Make the tops of Fences Too Narrow to Walk on
This is a simple one, and it’s easy to implement. If the tops of your fences are wider than about 1.5cm they can easily be walked on by cats, so to put this right fix a thin strip of wood or plastic to the top of the fence, such that it protrudes above the top of the fence and makes it impossible for cats to walk along it. This is a better option if you’re concerned about the safety implications of having plastic spikes on the fence.

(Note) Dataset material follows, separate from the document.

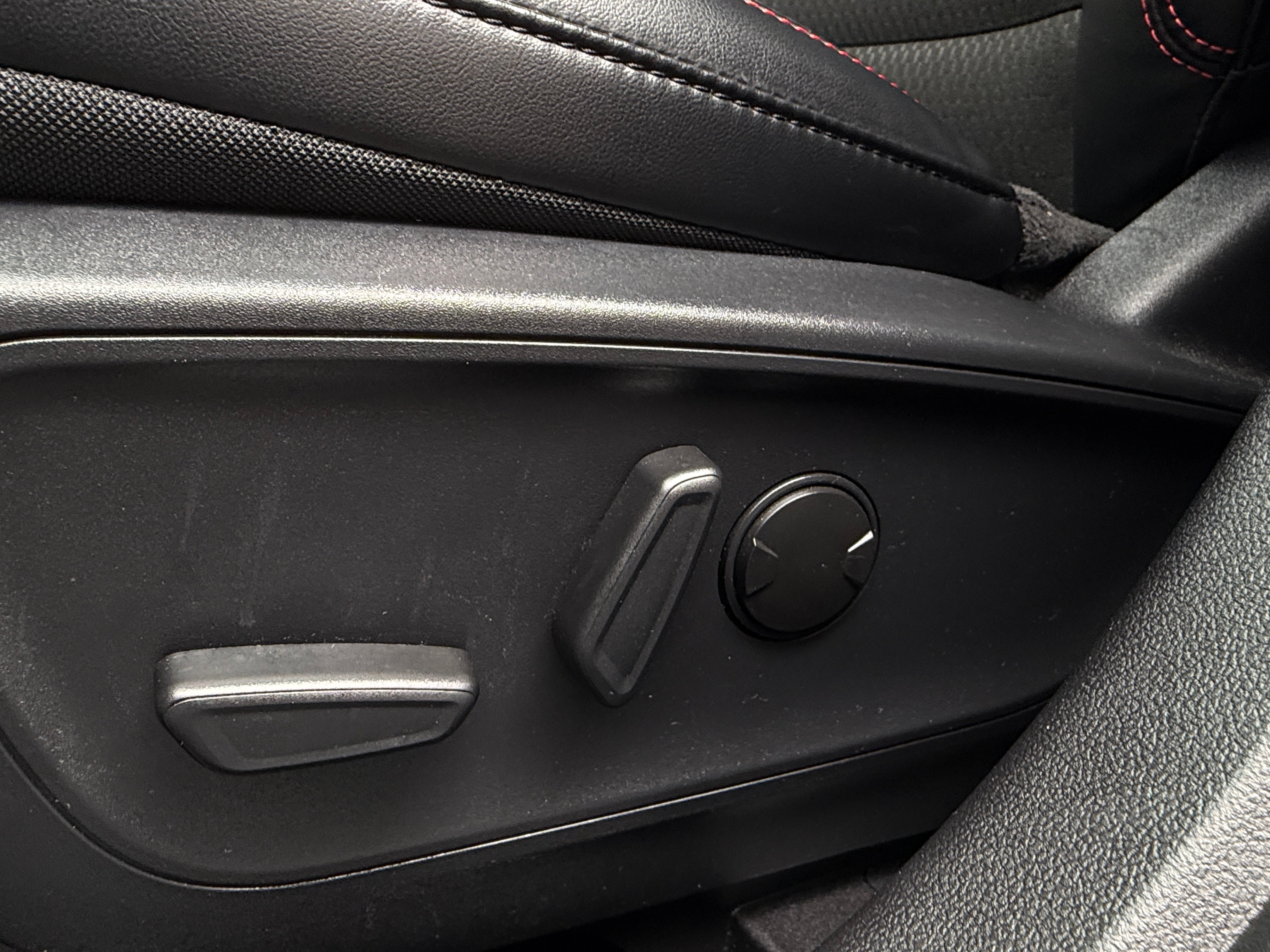 ford escape 2025 1FMCU9MN0SUB35286 image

Suspend Rope Or Twine Parallel with the top of the Fence
The best way to picture this idea is to think of barbed wire fences that have several strips of barbed wire running along the top, positioned at above 45 degrees to the side of the fence. Although this might sound like your garden will end up looking like a prison yard, as long as you use a green or brown twine it should be fairly in-keeping with the rest of the garden. Best of all this method really does work well, as soon as the cats realise they can no longer make their way out of the garden this way, it stops them from coming in.
Get a Cat of Your Own
Yep it is that simple, if you’ve got a cat of your own who sees your garden as their own territory, other cats will stay well away. Of course if you really don’t want anything to do with cats at all, this pretty much defeats the object, and there are also no guarantees that your own cat won’t poo in your garden, at least from time to time. But if your main concern is beating the injustice of other peoples cats pooing in your garden, getting your own cat is the perfect solution.